After spending about 6 hours at Newark's ironically named Liberty International Airport last night, I am finally back from the Law and Society Meeting in Berlin. Here are some jet-lagged thoughts:

  • It's all about the hallways. I've been going to LSA meetings since 1994 (I remember watching the OJ White Bronco chase from the swim-up bar at the Arizona Biltmore with a number of equally mesmerized colleagues that year. -- I don't remember taking peyote, but that was the most hallucinatory moment of my life). LSA is always a very amorphous meeting -- the LSA umbrella is so big at this point that I'd imagine there are very few in the legal academy today who do work that couldn't be presented at LSA. Thus, the meeting can feel very disjointed, with lots of sub-groups and cliques. I spent lots of time catching up with old friends and meeting a number of people I know only through their work or their blogs, but it feels now more than ever like LSA is a number of different meetings that just happen to be occurring in the same time and space.
  • "New" is the new "(Re). The joke used to be that every LSA panel featured the phrase "(Re)Imagining" "(Re)Conceptualizing " or "(Re)Evaluating" in the title. Now, the thing seems to be "New". So there were panels on, at least, the "New Legal Realism," the "New Formalism," the "New Governance" and the "New Punitiveness". (Jeff Lipshaw has a very good post this morning on the "New Formalism" panel on which he appeared.)
  • Berlin is an incredibly evocative place. I know that there was a lot of discussion before the meeting about whether people of color could feel comfortable in Berlin in light of the recent racist attacks that have been taking place there. For those of us who are Jewish, being in Berlin presented a very different set of concerns. My mother was born in Berlin and left with her family in 1939, a full year after Kristallnacht; so it was strange to me that my comfortable and luxurious hotel was 2 blocks from the former SS headquarters, where the killing of Europe's Jews was meticulously plotted and carried out.
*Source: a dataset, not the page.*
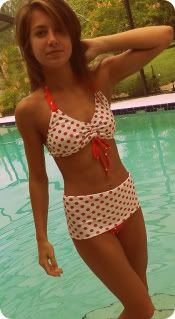 High cut leg Diva kini convertible bathing suit Retro polka dot style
The city is both full of reminders of the atrocities that were carried out there -- it has numerous monuments to the victims of the holocaust -- and in other ways completely detached from its past. For example, unless you knew its history, there are very few hints that 20 years ago a wall divided the city in two. Again, Jeff Lipshaw (whose family history seems eerily similar to my own) wrote about this some at Prawfsblog.